Easy Steps to Roasting Whole Pumpkins


Roasted pumpkin is delicious and nutritious. You can add it to baked goods, soups, stews, or whip up a homemade pumpkin pie. Plus, it's super easy to make, as you can see below.

1. Buy a Fresh Pumpkin

Whole Red Kuri Pumpkin
Photo © Molly Watson

As with all winter squash, you want to choose a pumpkin that feels heavy for its size. And those giant field pumpkins piled up for Halloween to make jack o'lanterns? Ignore those. Look for sugar pie, red kuri, cheese, rouge vif d'étampes, or blue hokkaido pumpkins if you plan on eating them!

You'll also want to preheat your oven to 375°F.
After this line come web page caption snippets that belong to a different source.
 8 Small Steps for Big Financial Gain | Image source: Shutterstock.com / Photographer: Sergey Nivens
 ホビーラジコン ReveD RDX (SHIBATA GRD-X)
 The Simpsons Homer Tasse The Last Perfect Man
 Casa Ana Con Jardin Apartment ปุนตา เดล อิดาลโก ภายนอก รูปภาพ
2. Cut the Pumpkin In Half

Red Kuri Pumpkin Cut In Half
Photo © Molly Watson
You'll need a large knife and a certain amount of upper-body strength. Cut the pumpkin more or less in half working on one side of any stem that's still attached to the pumpkin.
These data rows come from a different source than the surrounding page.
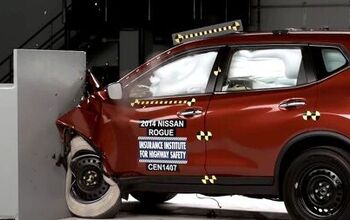 2014 Nissan Rogue Earns IIHS Top Safety Pick Plus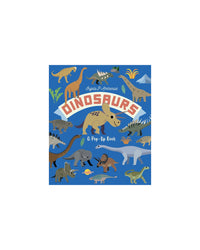 Dinosaurs a Pop up Book by Ingela P. Arrhenius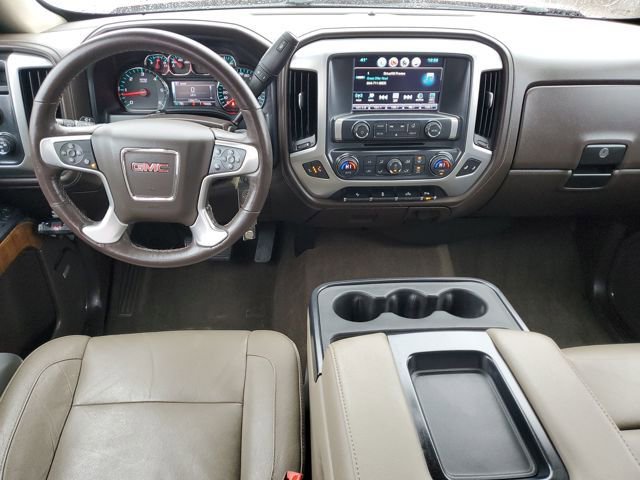 Used 2017 GMC Sierra 1500 SLT w/ SLT Premium Package image 24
3. Scoop Out Seeds and Strings

Scooping Out Pumpkin Seeds
Photo © Molly Watson

Use a large spoon or ice cream scooper to scoop out the seeds and stringy "guts" from the pumpkins halves.
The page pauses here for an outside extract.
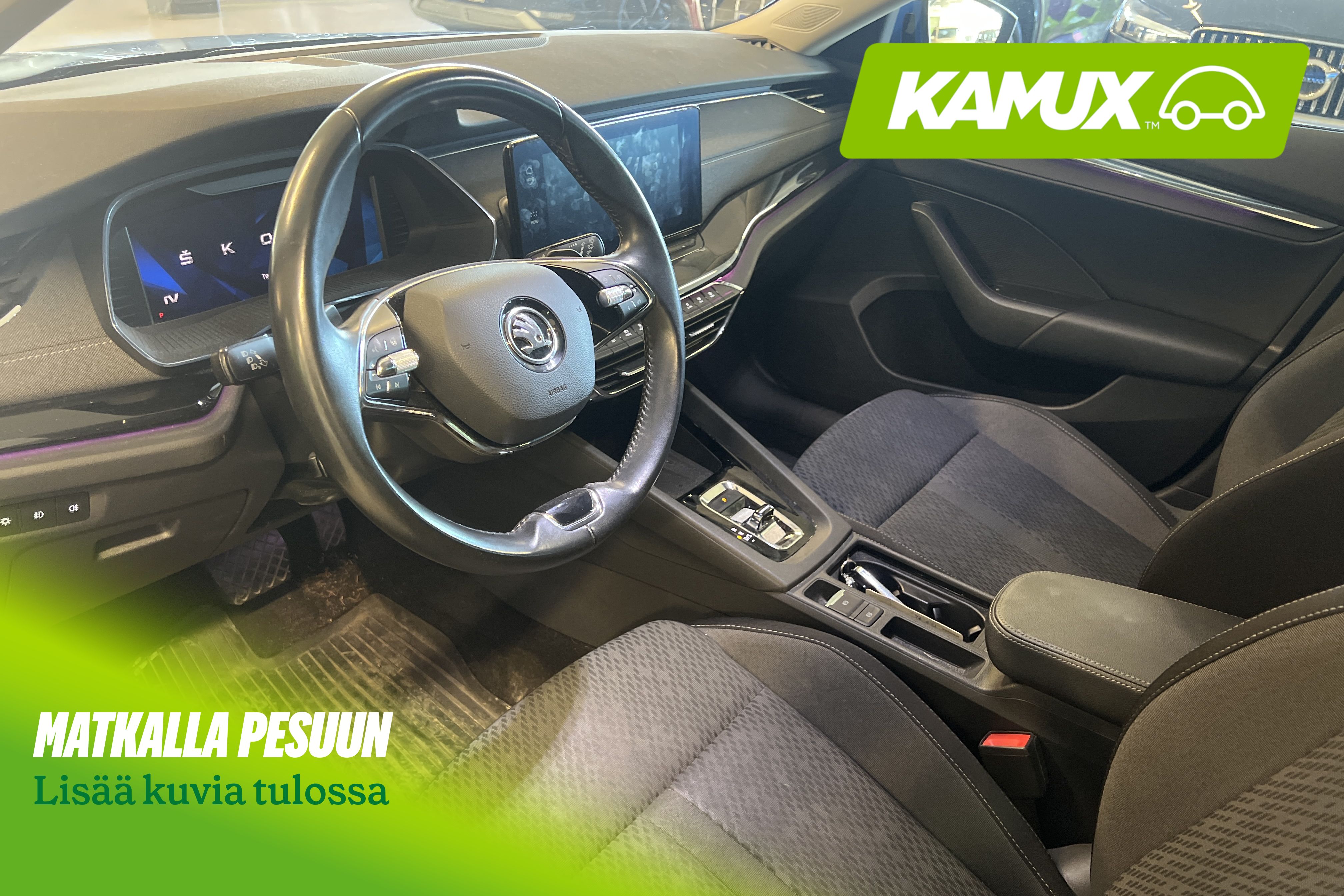 Skoda Octavia 2021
If you're so inclined, save the seeds to make Roasted Pumpkin Seeds.

4. Scrape Out All Seeds from Pumpkin Halves

Cleaned Red Kuri Pumpkins
Photo © Molly Watson
You don't need to be crazy about it, but you also want to remove all the wetter, darker "guts" from the harder, lighter-colored pumpkin flesh.

5. Roast the Pumpkins

Red Kuri Pumpkins Ready to Roast
Photo © Molly Watson

Set cleaned pumpkin halves on a lightly oiled baking sheet. Roast in a preheated 375°F oven (the temperature is actually quite flexibly – anywhere in the 350-425 range will yield results) until tender enough to pierce easily with a fork through the shell, about an hour.

6. Cut or Scoop Out Pumpkin

Scooping Roasted Pumpkin
Photo © Molly Watson

Let pumpkin sit until cool enough to handle and use a large spoon to scoop out the sweet and tender cooked flesh.

7. Roasted Pumpkin, Ready to Use

Bowl of Roasted Pumpkin
Photo © Molly Watson

Roasted pumpkin is perfect for serving mashed with butter, using to make a pumpkin soup, or whirling into a pumpkin pie.

Roasted pumpkin also freezes beautifully. Pack in a freezer-safe container (a resealable plastic bag will do), remove as much air as possible, seal, and freeze for up to six months in a freezer attached to a fridge and up to a year in a stand-alone freezer.